═══ RECORDED INFORMATION

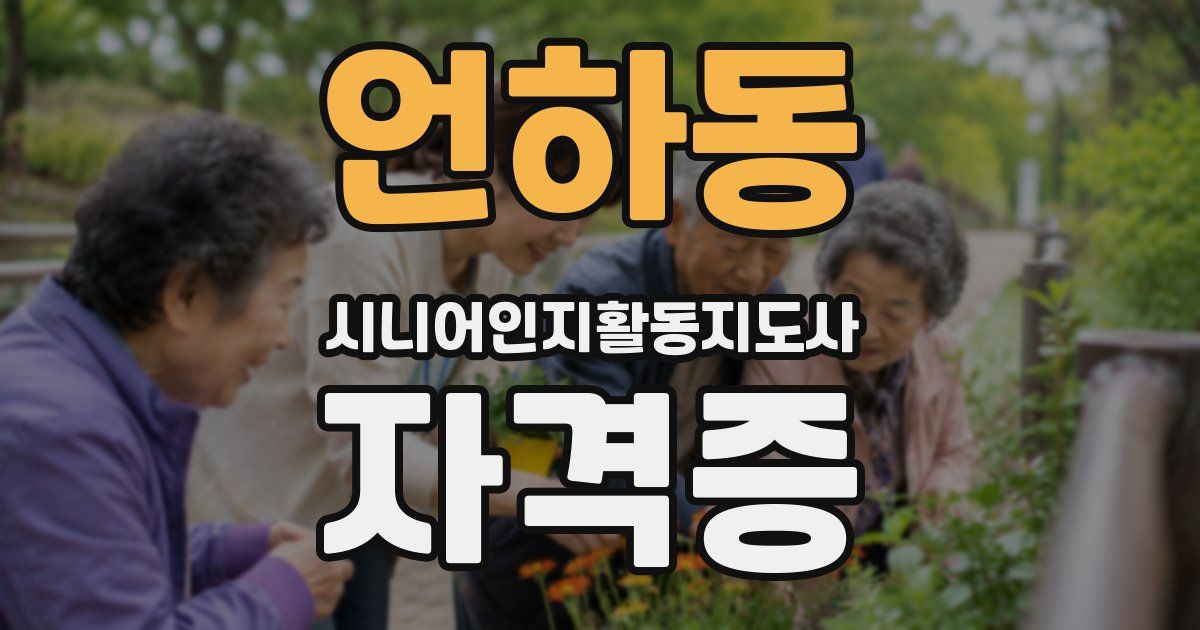 언하동 시니어인지활동지도사 자격증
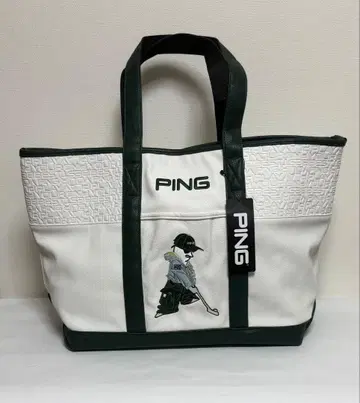 새상품 PING GB-N2507 토트백 화이트 x 그린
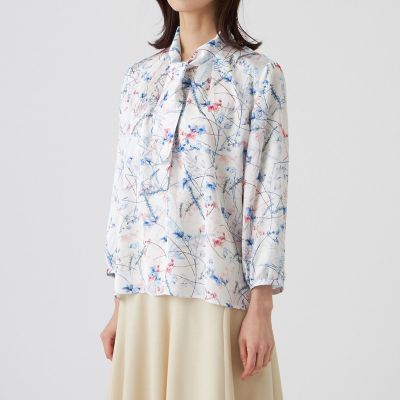 Drawerシルクフラワープリントブラウス フラワープリントブラウス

══════

** PROBLEM TO SOLVE **
Only the lines from the line holding "새상품 PING GB-N2507 토트백 화이트 x 그린" through the last line above belong in the answer, repeated exactly; the pictures do not.

** EXPECTED OUTPUT **
 새상품 PING GB-N2507 토트백 화이트 x 그린
 Drawerシルクフラワープリントブラウス フラワープリントブラウス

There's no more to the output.